The NYPD’s initial strategy of violently dispersing protesters who took to the streets after the police killing of George Floyd in Minneapolis has drawn widespread condemnation and prompted an investigation by the state Attorney General. While the police department has since allowed large groups of New Yorkers to march through the streets without beating and arresting them, the NYPD’s presence at the daily demonstrations is still heavy, and police helicopters continue to circle the city’s neighborhoods.

One of the main architects of the police response to the protests is Chief of Department Terence Monahan, the NYPD’s highest ranking uniformed officer, who also led the NYPD's mass arrest tactics during the 2004 GOP convention. Early on in the demonstrations, Monahan took a knee with protesters at Washington Square Park in a sign of respect and deference, a gesture that garnered positive press and effusive praise from Mayor Bill de Blasio.

Days after he made that gesture, Chief Monahan appeared to order the violent arrest of an organizer of a peaceful demonstration in the Bronx, and presided over the police on the scene as they beat New Yorkers with clubs and arrested legal observers.

We spoke with Chief Monahan about the NYPD’s handling of the protests, aggressive police tactics, and why so many people were detained for violating Mayor Bill de Blasio’s six-night curfew.

More than half of the detainments in 11 days were for curfew violations. How does this square with the NYPD’s stated goal, which was to crack down on violence and property damage and theft and not peaceful protesters?

If you look at protests and what occurred, starting at the Barclays Center on May 29th, there were numerous instances of violence early on from that day. It was a protest that started around three o'clock in the afternoon. By approximately 6, 6:30, the cops that were standing in front of the Barclays Center, myself included, started getting hit with all sorts of objects being thrown from the very large crowd that had gathered there. There were numerous bottles, rocks, paintballs, bottles of water, bottles of unknown liquids being thrown at the cops. So that was just the start of what we were experiencing over what would be the next four days.

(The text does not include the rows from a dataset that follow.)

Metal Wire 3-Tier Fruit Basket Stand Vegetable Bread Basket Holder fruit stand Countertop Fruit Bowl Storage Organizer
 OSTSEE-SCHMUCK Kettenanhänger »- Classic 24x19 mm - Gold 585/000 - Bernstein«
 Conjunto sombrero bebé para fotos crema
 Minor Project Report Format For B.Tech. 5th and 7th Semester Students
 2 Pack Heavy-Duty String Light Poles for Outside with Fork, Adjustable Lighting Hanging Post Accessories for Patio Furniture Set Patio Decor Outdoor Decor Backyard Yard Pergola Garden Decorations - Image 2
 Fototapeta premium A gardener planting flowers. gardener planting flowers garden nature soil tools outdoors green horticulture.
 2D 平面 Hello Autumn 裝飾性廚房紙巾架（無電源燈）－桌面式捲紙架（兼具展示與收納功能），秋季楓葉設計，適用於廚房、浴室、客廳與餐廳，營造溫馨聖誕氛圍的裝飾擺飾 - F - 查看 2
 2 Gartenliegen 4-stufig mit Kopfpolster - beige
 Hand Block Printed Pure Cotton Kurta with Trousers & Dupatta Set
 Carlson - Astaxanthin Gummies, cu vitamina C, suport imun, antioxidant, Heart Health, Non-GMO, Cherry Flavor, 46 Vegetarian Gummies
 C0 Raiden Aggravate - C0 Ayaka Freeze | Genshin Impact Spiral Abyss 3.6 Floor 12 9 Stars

The violence continued obviously through that night. Vans burnt. Molotov cocktails thrown at police officers while they were seated in their cars. The next day, large crowds gathered around, around officers that were in their cars, trying to pull them out. As a matter of fact, the commanding officer in one of the commands, his radio transmission as he was being pulled out was, ‘This may be my last transmission.’

So the violence escalated between that Friday and Saturday. Once Sunday came, that's when we started seeing looting, and lots of it, throughout the city. That Monday, when the looting really continued extremely bad in Manhattan, the curfew was put into effect. And in that night, the majority of our curfew violations were made, ending one of the toughest nights I think I've ever worked in the police department.

We made numerous burglary arrests that night, in addition to all of the curfew violation arrests. By having that curfew in place at 11, it helped us tamp down some of what was going on with the very large crowds that were running around. Once the violence stopped, that's when we really didn't need to enforce the curfew as much anymore. So that curfew helped us get this city back under control. For those four days, it was a very dangerous place to be in New York City.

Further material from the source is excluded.